Odds are, someone at some point has quoted Einstein’s definition of insanity to you: “Doing the same thing over and over again and expecting different results.” I love this quote for several reasons, the top two being that there is no evidence Einstein ever said it and it is not what insanity actually is. Yet somehow, by people saying it over and over in hope that it is true, it has become true in our conventional wisdom. Isn’t that the kind of paradox that is supposed to rip a hole in space-time and make the universe eat itself?
The dictionary definition of insanity is being deranged or unsound of mind enough to be divorced from reality and thus responsibility. Which nicely demonstrates the root of the problem with our current public discourse – it is Einstein Nutters versus Webster Loons.
Someone needs to impose some Nurse Ratched-level tough love on the world, so here I am, with math.
Back in January, I applied Bayesian reasoning (probabilistic thinking) to relationships, in order to get a better understanding of how illogical I often am in matters of the heart. It was fun! And I started to notice something quite interesting about the math, something that has been increasingly relevant as the clash between Science and Faith has escalated.
To recap: Bayesian reasoning is a process that involves estimating the likelihood of things, then reassessing that likelihood with each new piece of information. In short – and I know this is a dirty word – Bayesian thinkers evolve their ideas over time, getting ever closer to understanding.
If this sounds familiar, it is because probabilistic thinking is how we learn. Hey, that thing on the stove is shiny and pretty – I bet it will feel good too. Ouch. Nope. That did not feel pretty. Maybe pretty things don’t always feel good. Hey, that tiger over there is really beautiful. Maybe this time… and so on. Eventually, we get a feel for the odds (or die).
The formula representing this process – Bayes’ Theorem – is simply a mathematical expression of logic at work. It centers on three variables: our original level of certainty about something (x), the probability of this new info (Ouch) if that something is true (y), and the probability of this new info if that something is not true (z). That’s it!
When we reassess in the face of new information, we simply multiply our original level of certainly by the probability that our theory is still true (xy), then divide that by all possibilities – our original certainly (x) times the probability of true (y) PLUS our original uncertainty (1-x) times the probability of the theory being false (z).
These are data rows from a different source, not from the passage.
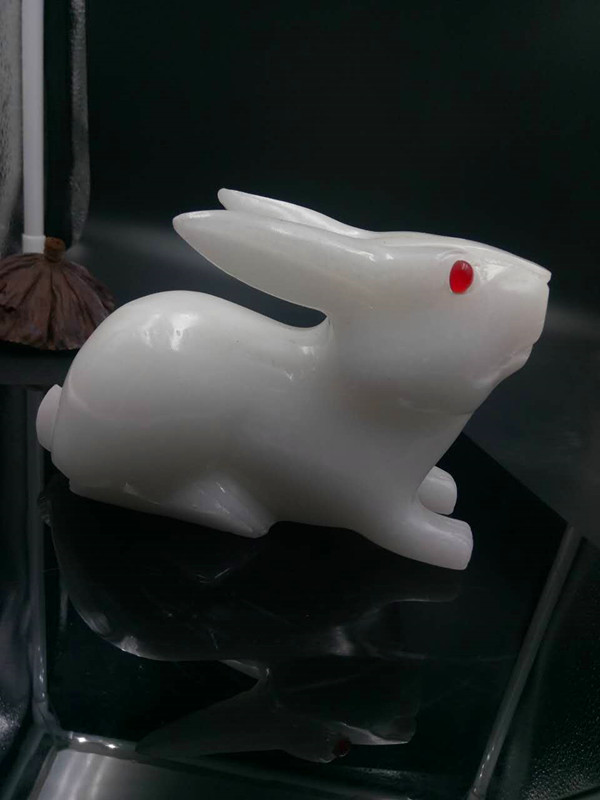 盛逹玉器——青白玉手工雕刻玉兔图片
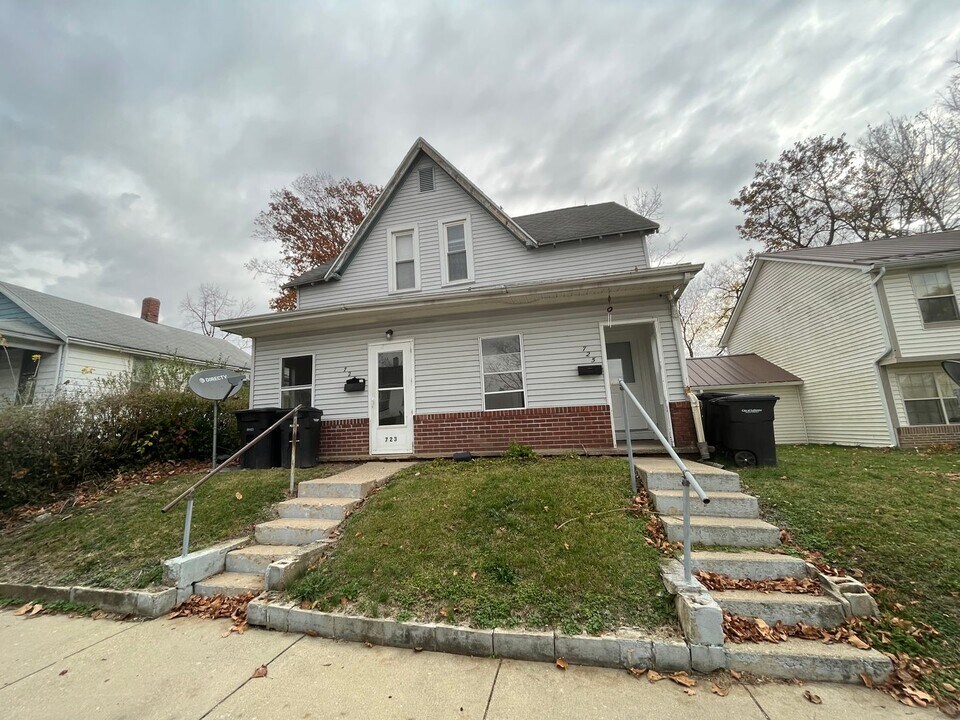 723 S 5th St in Lafayette, IN - Building Photo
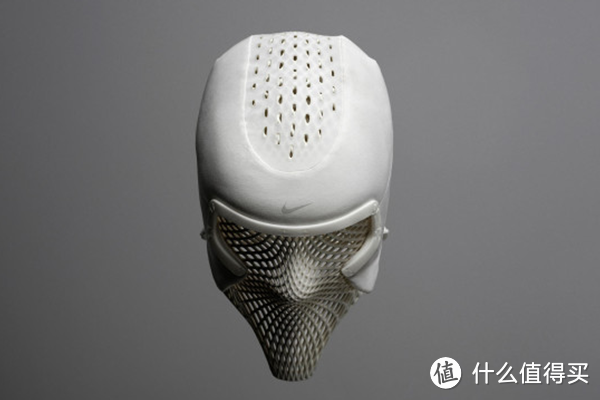 帮助运动员快速降低头颈部温度：NIKE 耐克 公布 冷却帽原型产品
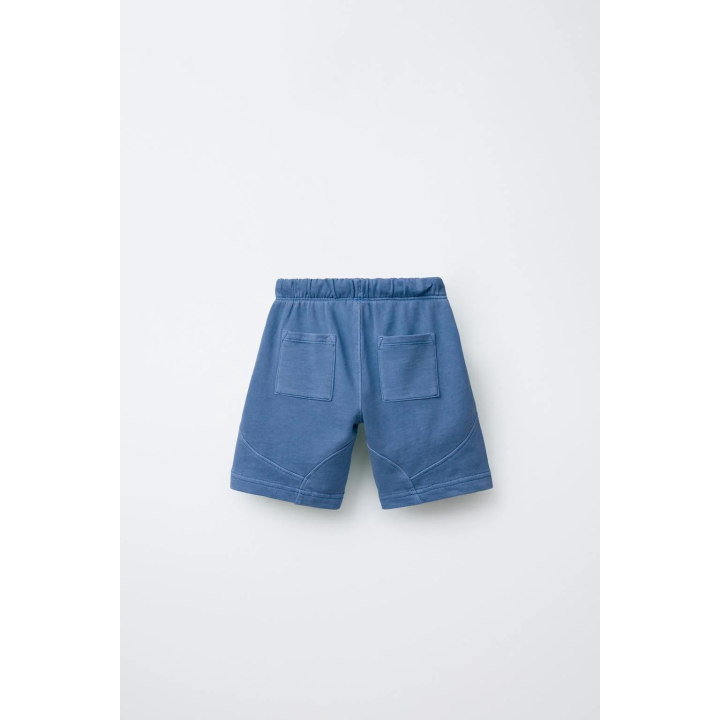 ШОРТЫ-БЕРМУДЫ ИЗ МЯГКОЙ ТКАНИ С ЛОГОТИПОМ И ДЕКОРАТИВНЫМИ ВСТАВКАМИ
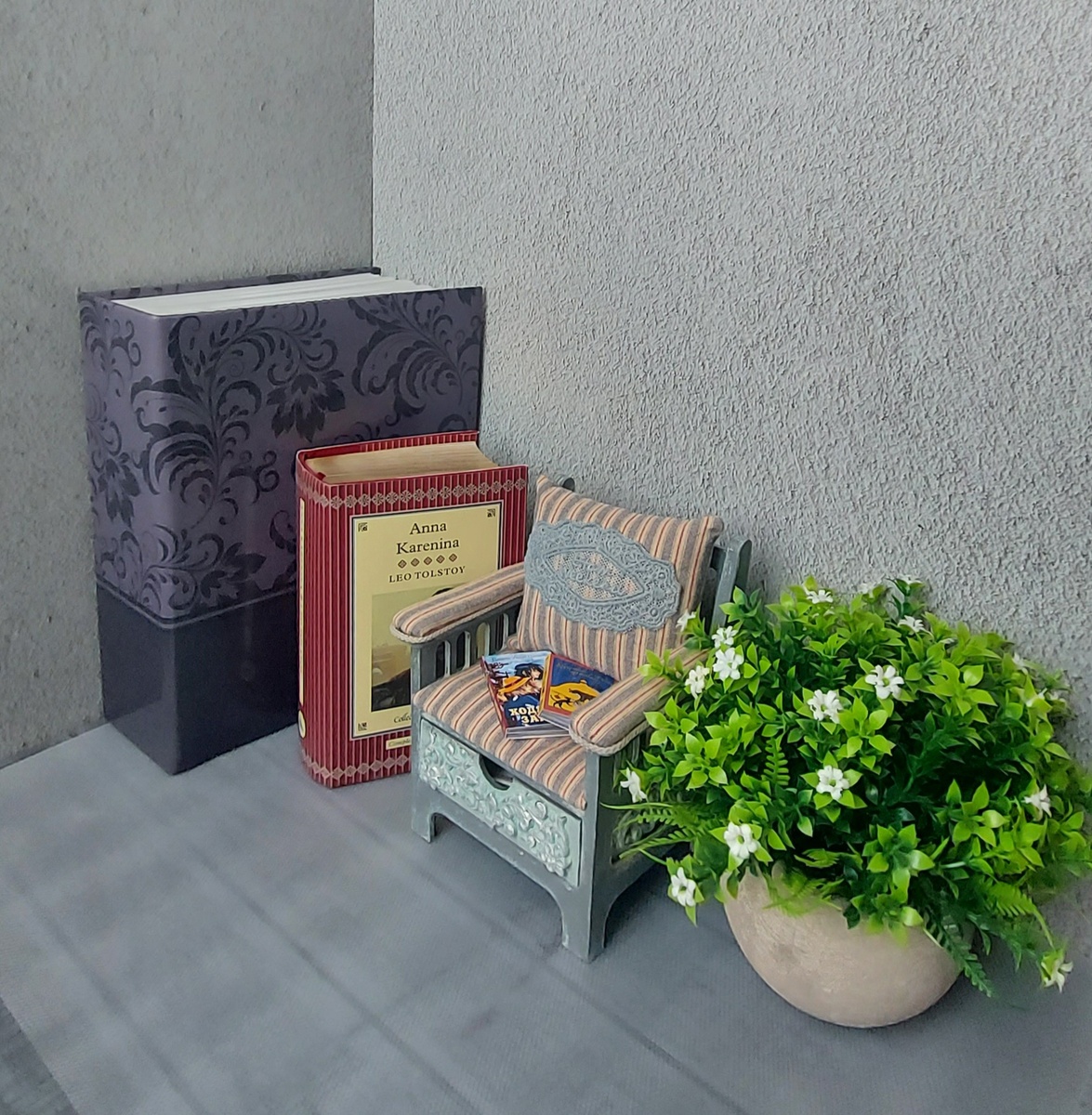 Уголок для задушевных подруг. Фото автора канала.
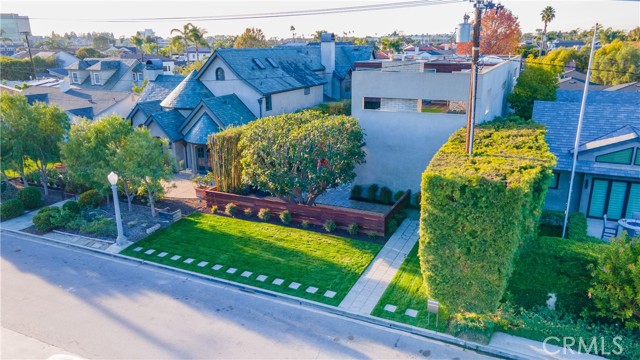 Detail Gallery Image 2 of 39 For 519 Santa Ana, Newport Beach,  CA 92663 - 4 Beds | 4/1 Baths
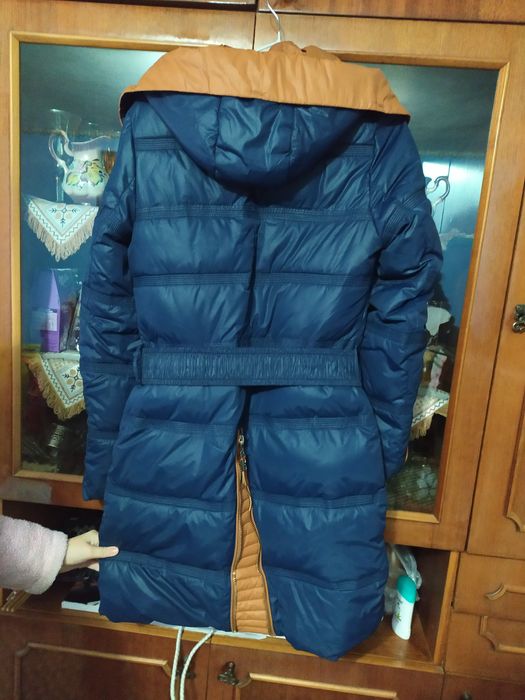 Плащ зимній синій колір. З рижим. На капішон  є мох з лисиціі.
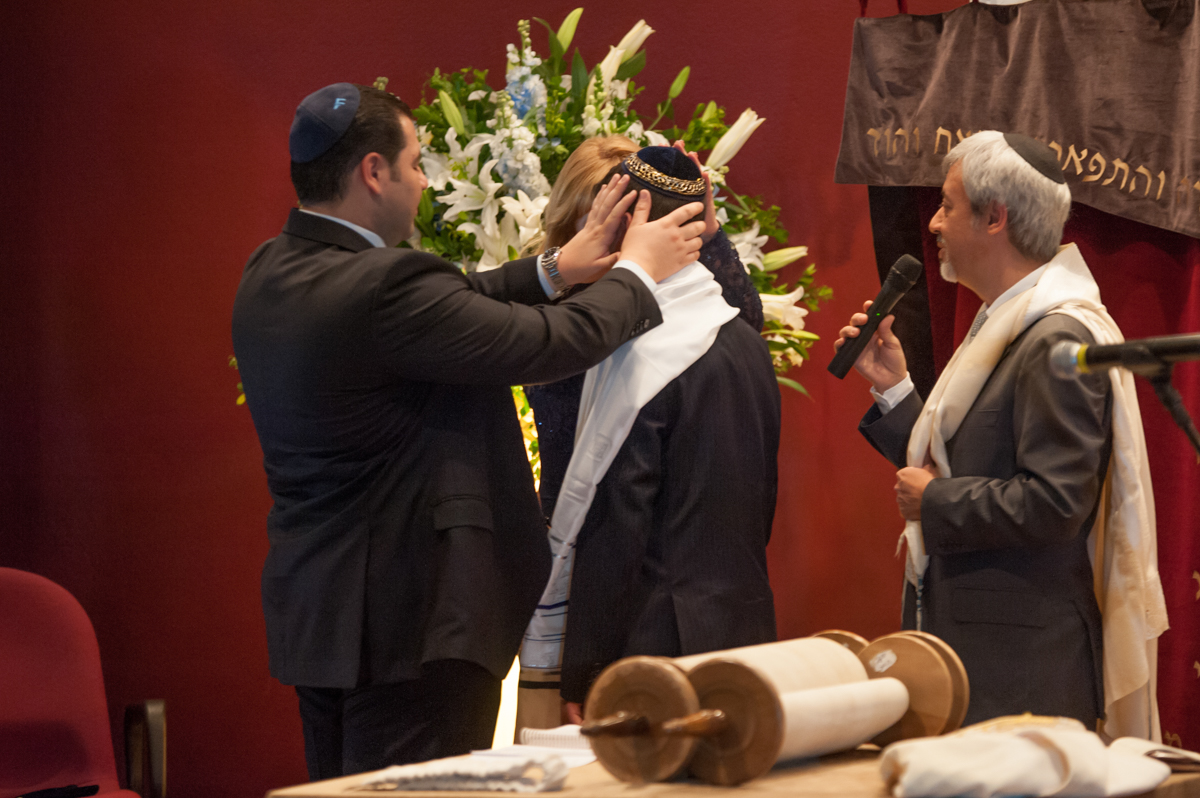 O carinho dos pais - Bar MitzVah do Alberto Abravanel - Fotografia de BatMitzvah feitas pela GeniPhoto - Fotografia de Bat MItzvah em São Paulo SP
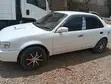 Toyota Corolla 2001 White - 1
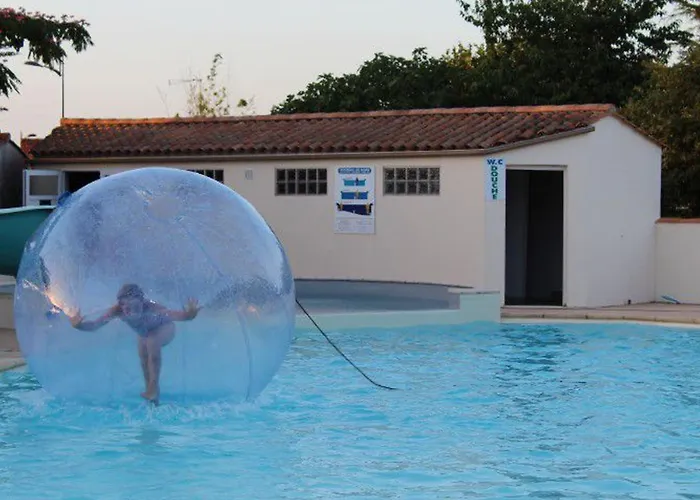 Mobil Avec Terrasse Pour 4 Personnes - Api-1-52-649 * Les Achards (Vendee)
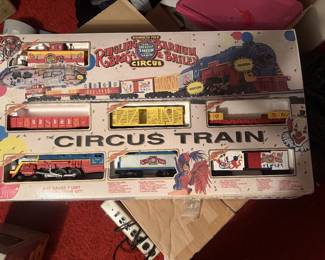🚂🎪 **All Aboard the Circus Train!** How fun is this vintage Ringling Bros. and Barnum & Bailey Circus Train Set by K-Line?! A collectible O-27 gauge, 7-unit train set in its original box, featuring all the nostalgic charm of the greatest show on earth! Perfect for model train enthusiasts, circus memorabilia collectors, or anyone who loves a unique vintage find. 🎟οΈβ¨ *Completeness and operating condition have not been verified. Sold as-is.*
In math, that reads: (xy) / [(xy) + (1-x)z]
That’s the worst of it, I promise. What I find most interesting is how the impact of new information changes the more confident we are at the outset. Let me demonstrate with an example involving something totally uncontroversial right now: birth control.
Take two people, one who is super confident that I am a good little girl who keeps her knees closed (we’ll call him “My Dad”), and another who is willing to bet the farm that I am a total slut (“Rush Limbaugh”). They are both men, because involving a woman in a conversation about birth control would be ridiculous. Now, what happens to their respective outlooks when we introduce a new piece of information into their worlds: my use of birth control?
My Dad starts out with only 10% concern that I am a floozy (x=.1), while Rush is 90% sure I am sex crazed, since I am unmarried (x=.9). Variable y is the probability that I would use birth control if I am indeed a slut, which is clearly about 95% – who else would use birth control? Variable z is the probability that I would use it if I am not. Since women are either virgins or whores, that’s maybe 5%.
When we plug those probabilities into the formula, we see that My Dad, who is faced with contradictory information, skyrockets to a new 68% certainty that I am a daughter of questionable morals. As for Rush, he goes from 90% sure to 99% sure I am easy. Had we presented them with opposite information – like a purity ring on my finger – My Dad’s fears of parental failure would have dropped from 10% to .6%, and Rush would suddenly have to grapple with a mere 32% chance of my nymphomania.
Of course, my probabilities here are extreme, but the formula holds. The more confident we are in a theory at the outset, the more devastating contrary information becomes. As it should be! If we truly think an outcome is “inconceivable” and then it happens, we either have to admit that we were very likely wrong, or accept that the word “inconceivable” does not mean what we think it means.
But a funny thing happens when confidence becomes absolute certainty: new information loses all impact. When x=1 (we are 100% sure of something), the formula reduces to y/(y+0z), which equals 1 no matter what y and z are. When x=0 (“Inconceivable!”), the fraction becomes 0/(0+z), which is always zero.
In other words, there is no amount of evidence, experience, or new information that will change the mind of someone who has absolute certainty. Proving once and for all with math that there is no arguing with believers. (Or Beliebers – ugh.)
If you got this far, you are probably tired, because math is hard. Not in the sense that it requires a Y-chromosome (I’m looking at you, Larry Summers), but in the sense of hard work. Math is work; logic is work; being open minded requires the effort of reassessment. Faith, on the other hand, is easy. Not real faith, as defined in the dictionary (“belief in something for which there is no proof”), but the Faith demonstrated too often these days: belief despite all evidence of any kind.
You want the kicker? Thomas Bayes, from whom Bayesian reasoning gets its name, was an 18th-Century minister. I think it’s time for the universe to eat itself now.